- [Task requirements]:
What should be copied is the stretch of entries below from the line with "Close-up, children's hands" up to and including the line with "Two men standing", exactly and without images.

- [Data for this exercise]:
--------

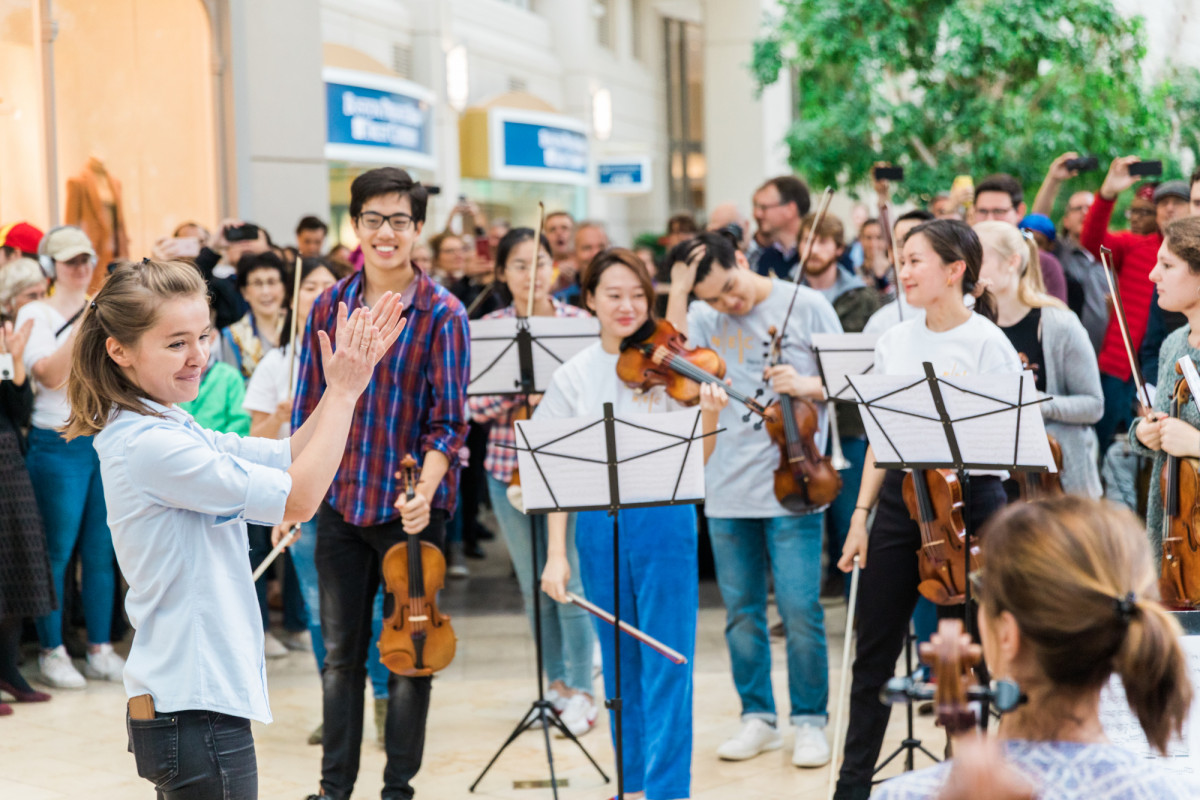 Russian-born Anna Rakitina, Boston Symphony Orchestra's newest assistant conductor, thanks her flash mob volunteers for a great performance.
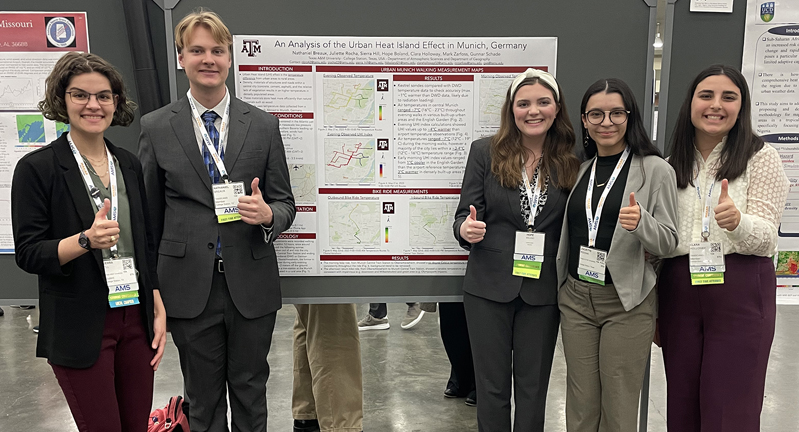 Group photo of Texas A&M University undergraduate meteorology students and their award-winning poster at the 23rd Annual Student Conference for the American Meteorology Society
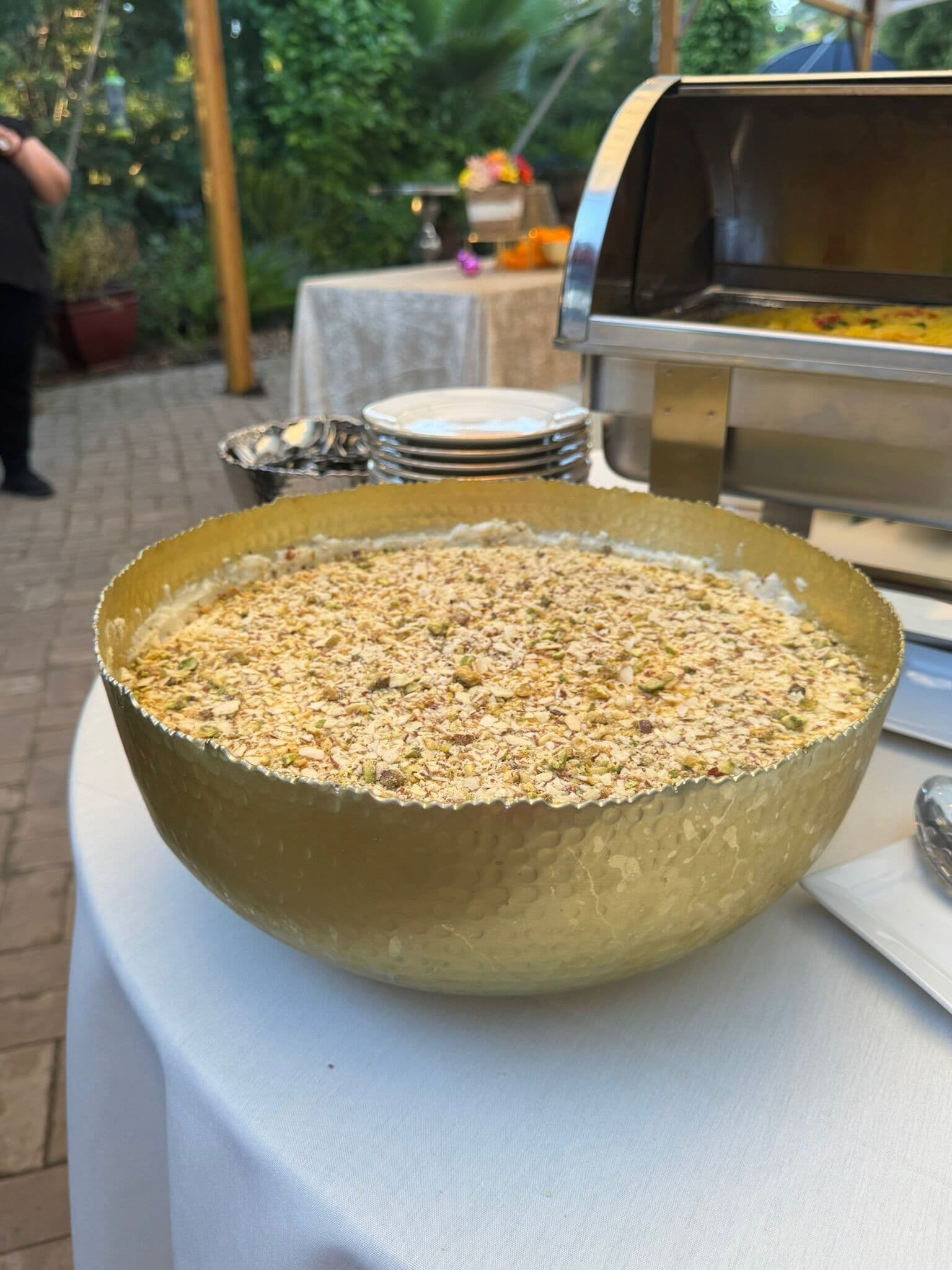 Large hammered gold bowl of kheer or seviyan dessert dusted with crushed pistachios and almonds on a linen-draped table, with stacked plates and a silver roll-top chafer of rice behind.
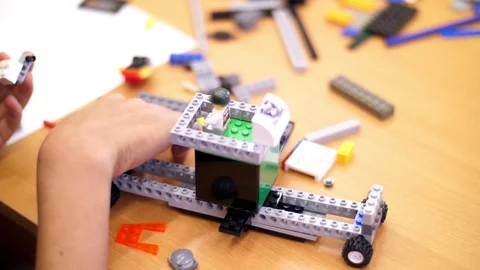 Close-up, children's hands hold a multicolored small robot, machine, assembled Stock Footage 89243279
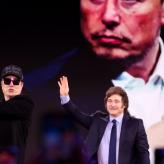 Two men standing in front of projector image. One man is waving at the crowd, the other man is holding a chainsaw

--------

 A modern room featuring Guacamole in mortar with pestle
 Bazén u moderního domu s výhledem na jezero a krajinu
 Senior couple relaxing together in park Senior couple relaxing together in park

--------

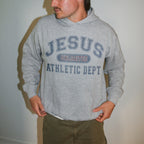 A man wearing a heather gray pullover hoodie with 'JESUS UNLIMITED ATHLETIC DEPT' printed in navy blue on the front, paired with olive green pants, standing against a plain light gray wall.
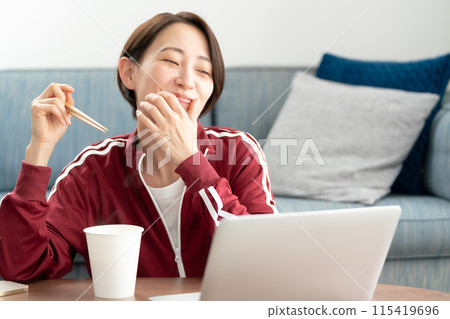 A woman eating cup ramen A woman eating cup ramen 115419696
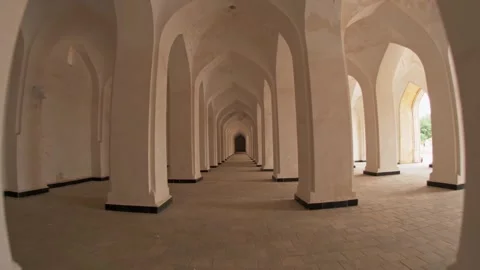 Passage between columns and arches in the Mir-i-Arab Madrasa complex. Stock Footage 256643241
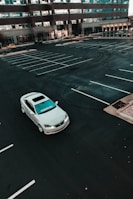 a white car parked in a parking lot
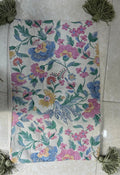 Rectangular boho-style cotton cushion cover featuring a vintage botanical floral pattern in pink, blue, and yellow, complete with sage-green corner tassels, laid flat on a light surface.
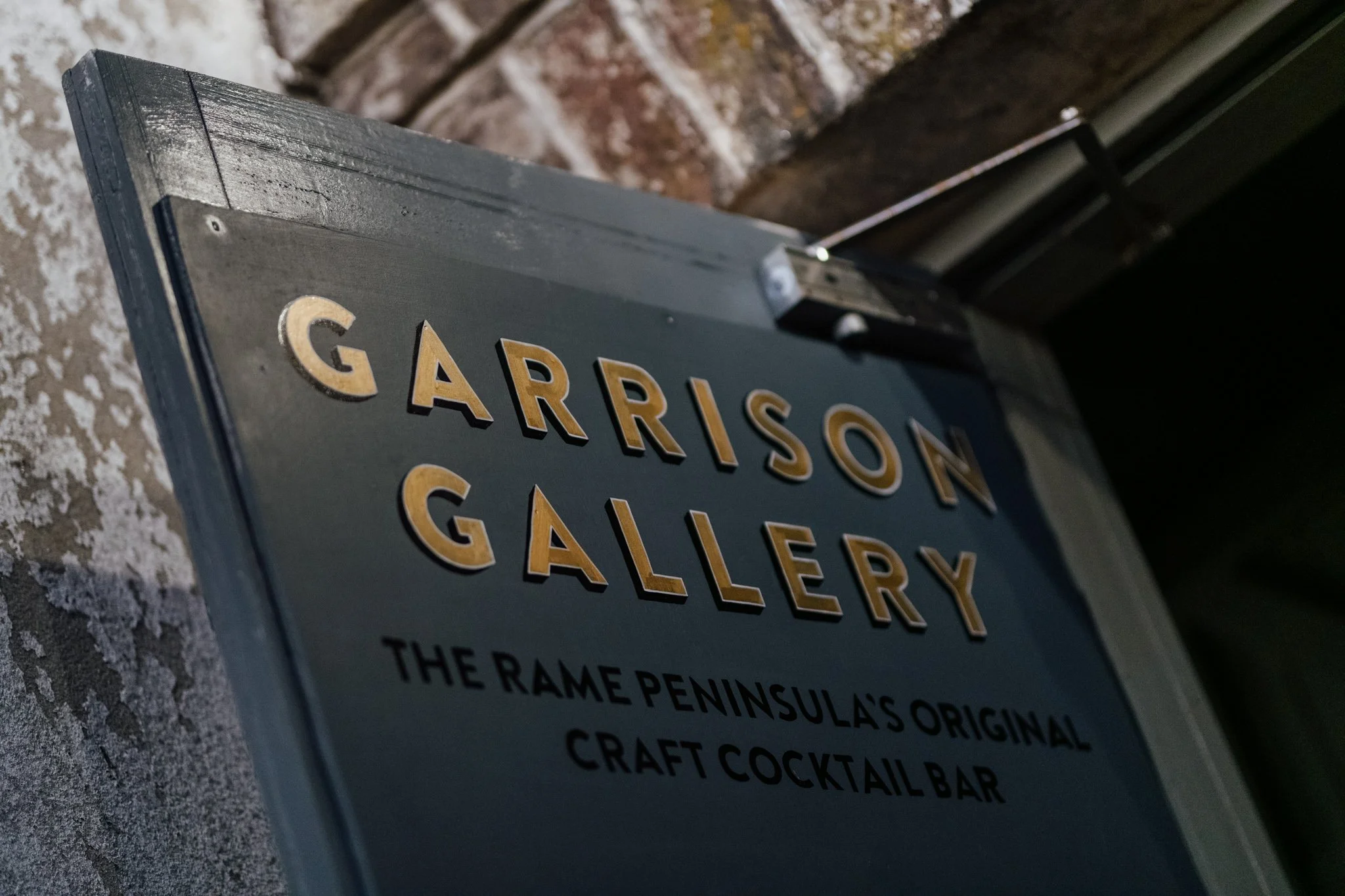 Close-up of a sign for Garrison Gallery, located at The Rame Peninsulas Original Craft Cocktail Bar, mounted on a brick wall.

--------

- [Response]:
 Close-up, children's hands hold a multicolored small robot, machine, assembled Stock Footage 89243279
 Two men standing in front of projector image. One man is waving at the crowd, the other man is holding a chainsaw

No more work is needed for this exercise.